A few months ago, we gave a seminar on business blogging. Throughout the course of the presentation, we covered why companies should start business blogs, how to get started, how to create content, and how to maximize efficiency when marketing with content. We presented what we think are some great insights into launching a content marketing program, yet all of these insights are useless if new bloggers ignore the #1 key to content marketing sucess...
As blogger and marketing thought leader, Garrett Moon, puts it, "There's only 1 thing that matters to writing a great blog:"
- Consistency = Trust
- Consistency = Traffic
- Consistency = SEO
- Consistency = Perfect
- Consistency = Authority
- Consistency = Content
Get where I'm going with this? Consistency is everything.
Well, consistency and quality.
Experts in the content marketing space love to argue about whether quality or quantity are more important but the reality is that they're both critical.
In my mind, the consistency/quantity of posts is how you establish surface-level credibility and drive traffic, whereas the quality is how you demonstrate thought leadership and convert visitors into leads.
So how do you develop a plan with both quality and quantity (or consistency) in mind? Here are a few ideas:
1. Determine who can contribute content and with what medium
Once you know what topics your blog will cover, look around your company for folks with valuable thoughts to share. If you spread the responsibility of creating content around various teams, the burden becomes much less to bear.
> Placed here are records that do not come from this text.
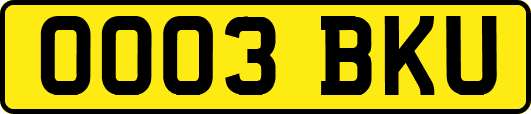OO03BKU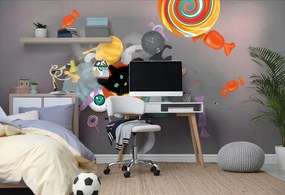 Самозалепващ тапет – Хелоуински сладкиши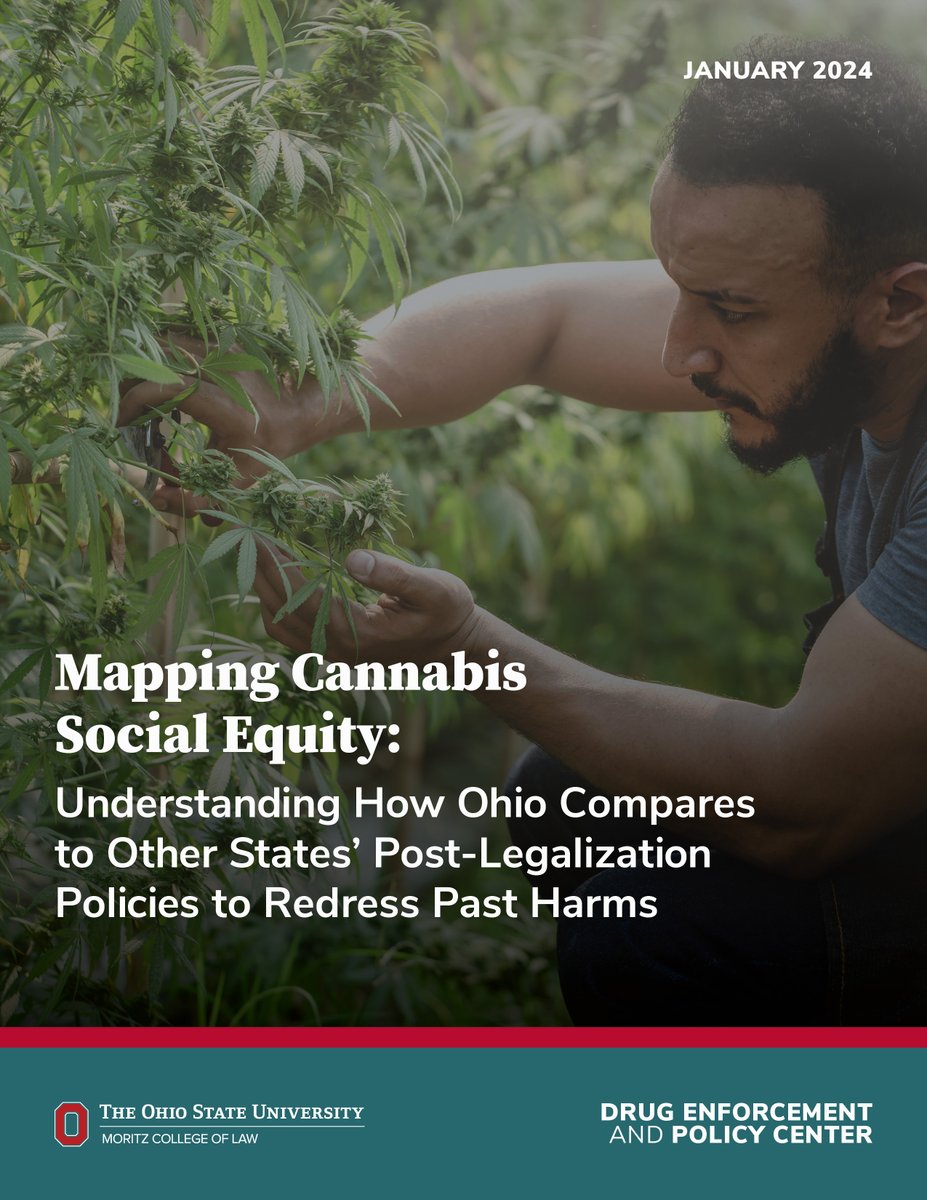 DEPC @OSU_Law's new resource page and associated report highlights the varying strategies states have deployed to fulfill cannabis social equity goals and looks at how Ohio’s new laws compare.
Don't have a lot of great writers? It's okay - there are numerous other ways team members can contribute. Consider the following:
- Interview key internal stakeholders and write up their thoughts on interesting topics
- Ask willing contributers to video themselves discussing topics of interest
- Ask any photographically-savvy team members to create a photo-journal
- If you have graphic designers on board, ask them to create relevant infographics
- Encourage team members to write 'listicles' rather than posts with traditional sentences and paragraphs
Spreading the work around not only simplifies your job, but also diversifies your blog, which will make it more appealing for readers.
2. Examine internal capacity
Time is always among the top concerns of marketers when implementing content plans. Before you commit to one, it's important to assess your company's capacity for content creation and to set reasonable goals when it comes to blog frequency.
The more often you can post, the better, but it's best to set smaller goals that are reachable and scale up rather than to set ambitious goals and fall short.
Determine who has the bandwidth to create content internally and decide how many weekly posts are feasible. Work toward posting however often that is and then scale up over time.
3. Examine external capacity
After looking at internal capacity, you may find you don't have the availability to post as often as you would like. Additionally, you may start posting once or twice a week and find you're not getting the results you want. In either of these situations, it's helpful to look for external resources such as guest bloggers or even freelance writing support. Some companies use writing services such as WriterAccess to find industry-specific writers to fill gaps in their editorial calendar and keep content publication consistent when lacking internal bandwidth.